EXERCISE DETAILS
From the data underneath, reproduce exactly the stretch that begins at the line with "Portail de jardin" and ends after the line with "8) Libbey Hobstar".

[DATA FOR THIS TASK]

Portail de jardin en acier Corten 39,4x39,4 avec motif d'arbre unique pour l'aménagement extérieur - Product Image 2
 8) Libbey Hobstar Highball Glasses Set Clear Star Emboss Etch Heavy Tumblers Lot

[/DATA FOR THIS TASK]
[DATA FOR THIS TASK]

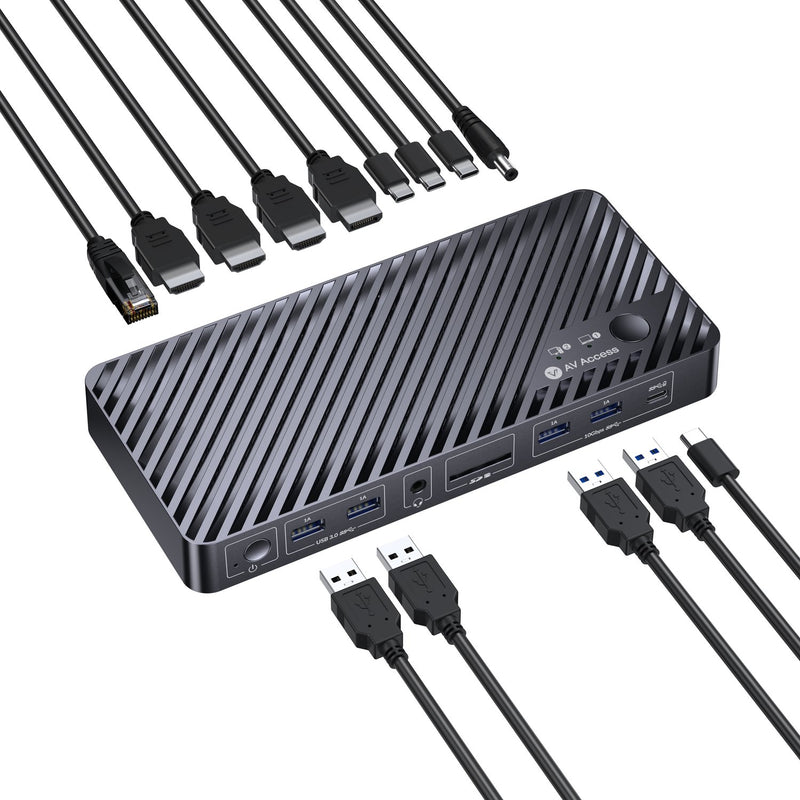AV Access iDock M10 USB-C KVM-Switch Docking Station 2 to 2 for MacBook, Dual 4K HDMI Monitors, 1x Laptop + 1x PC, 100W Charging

[/DATA FOR THIS TASK]

ANSWER AREA
Portail de jardin en acier Corten 39,4x39,4 avec motif d'arbre unique pour l'aménagement extérieur - Product Image 2
 8) Libbey Hobstar Highball Glasses Set Clear Star Emboss Etch Heavy Tumblers Lot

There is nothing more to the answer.